- [Material for the task]:
Start of Block
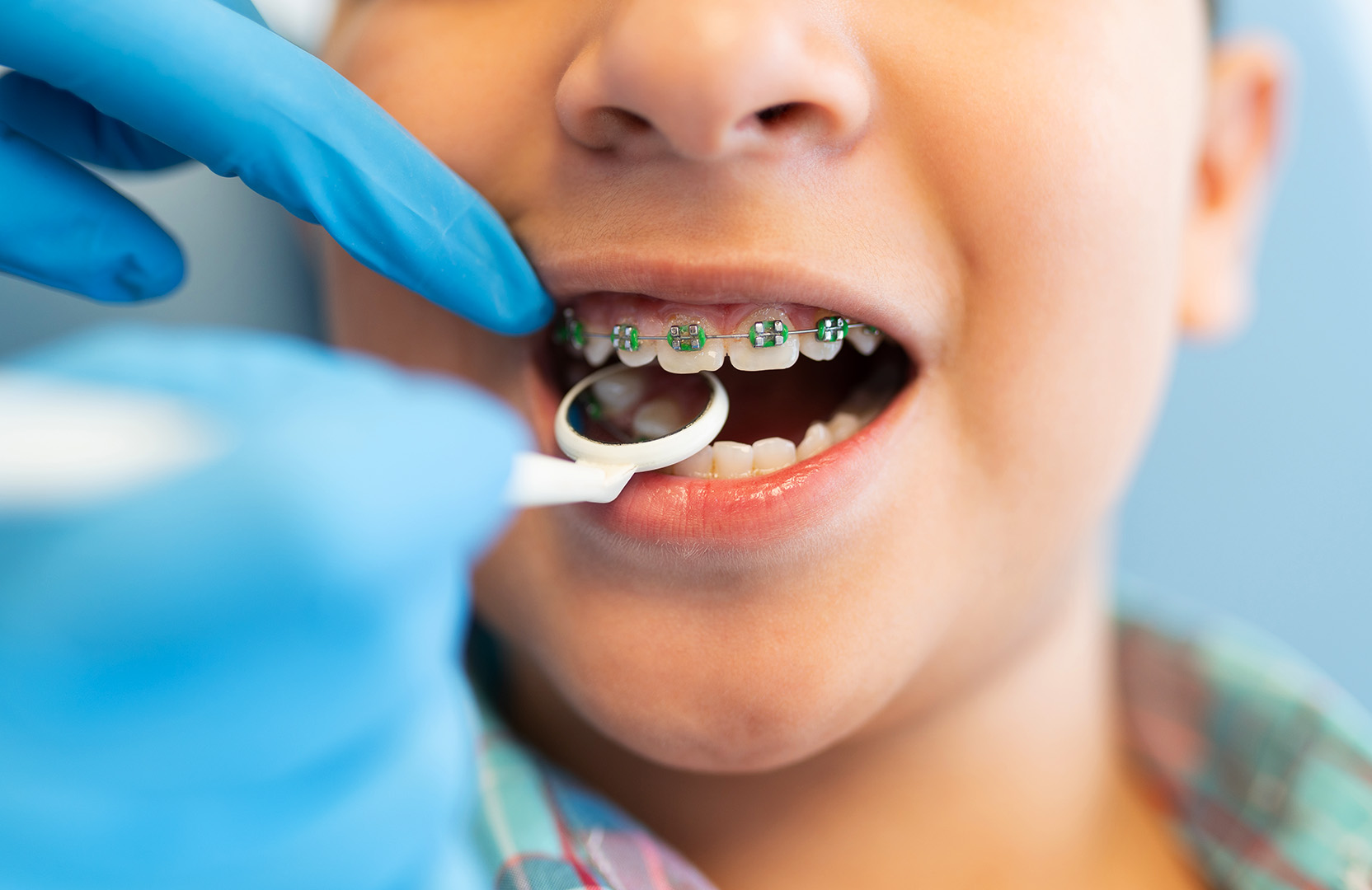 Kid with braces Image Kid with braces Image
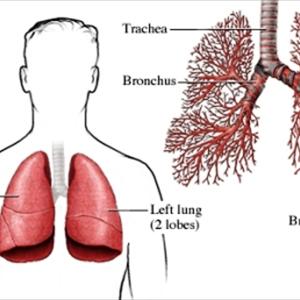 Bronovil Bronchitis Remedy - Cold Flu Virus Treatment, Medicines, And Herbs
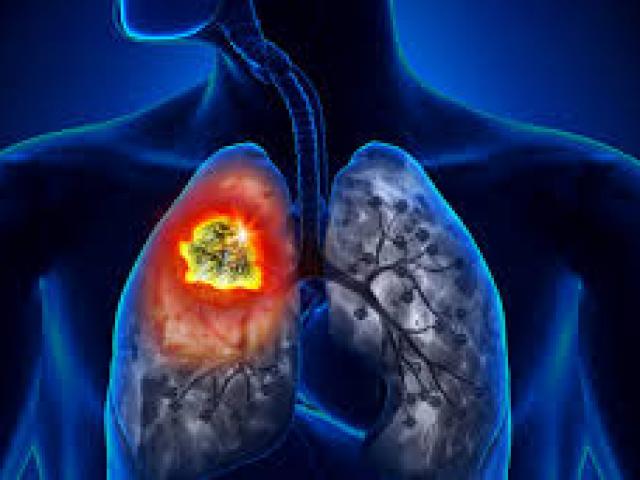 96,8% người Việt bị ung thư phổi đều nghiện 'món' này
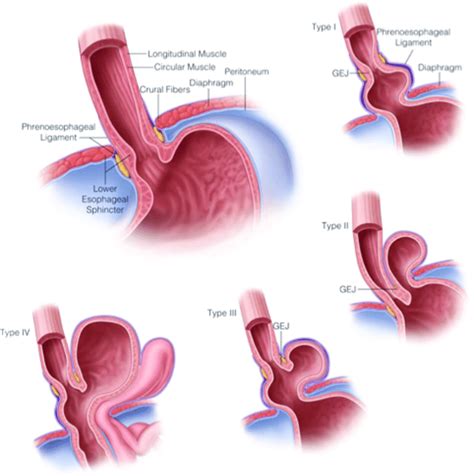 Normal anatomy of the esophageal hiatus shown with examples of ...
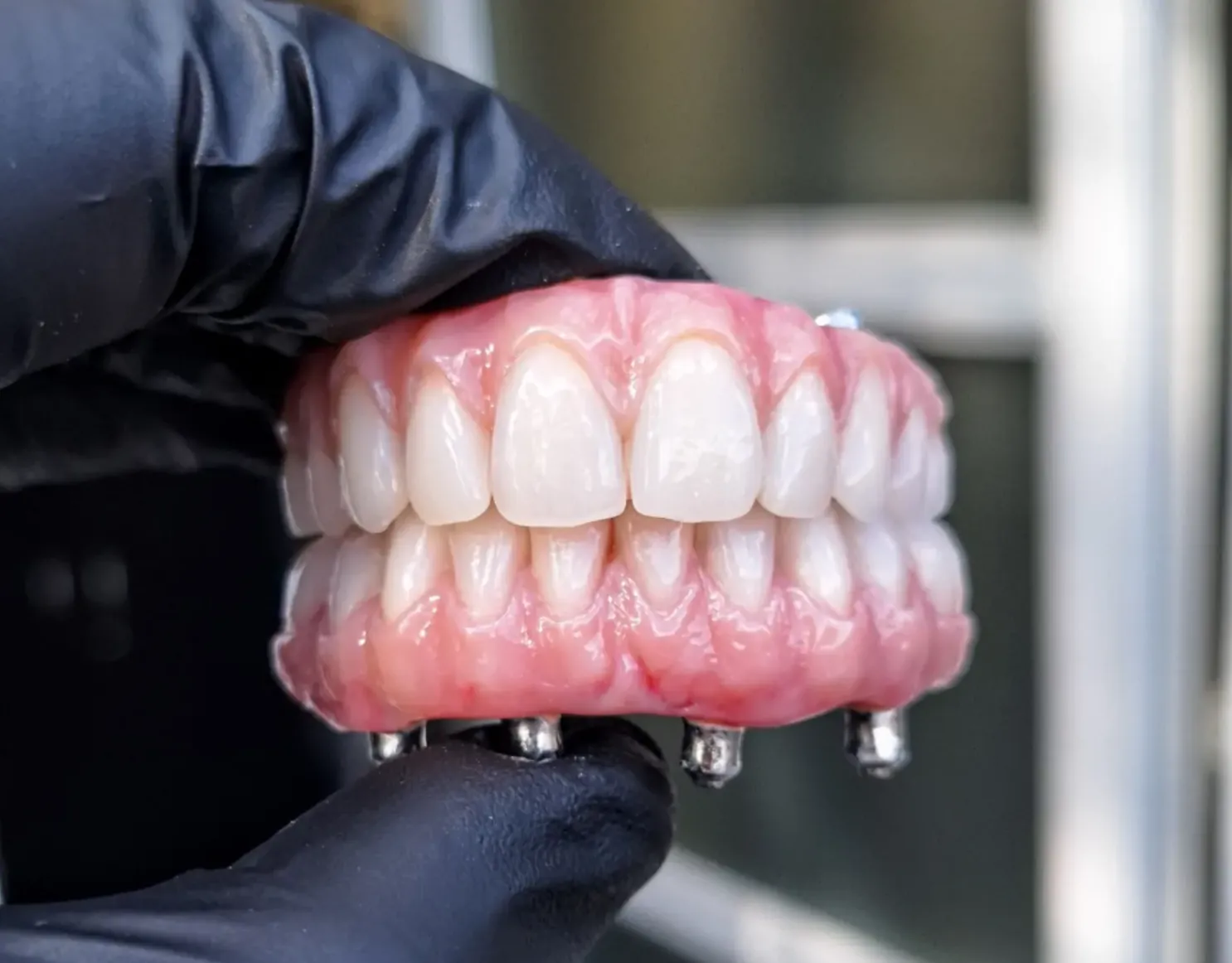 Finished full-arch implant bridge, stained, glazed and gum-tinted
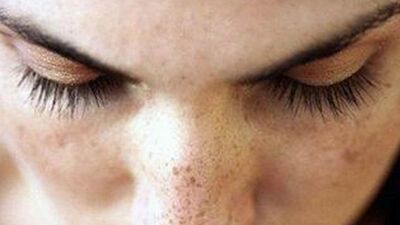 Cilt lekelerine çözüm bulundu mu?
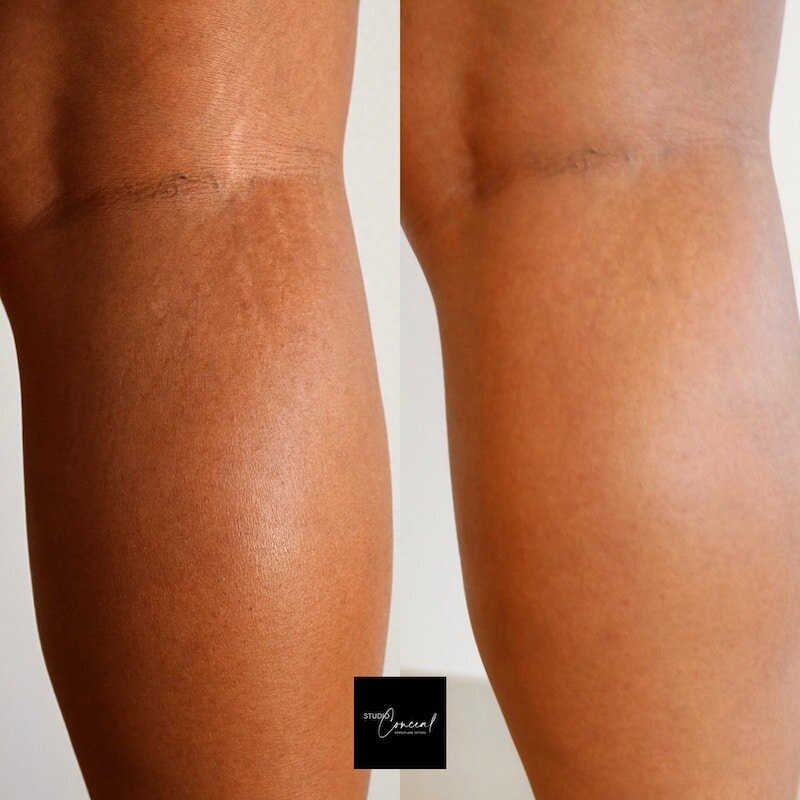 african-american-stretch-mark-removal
End of Block
- [Work task]:
Return only the lines that start at the line containing "Cilt lekelerine çözüm bulundu mu?" and finish at the last line of the entries, exactly as written and without pictures.

- [Answer to the exercise]:
 Cilt lekelerine çözüm bulundu mu?
 african-american-stretch-mark-removal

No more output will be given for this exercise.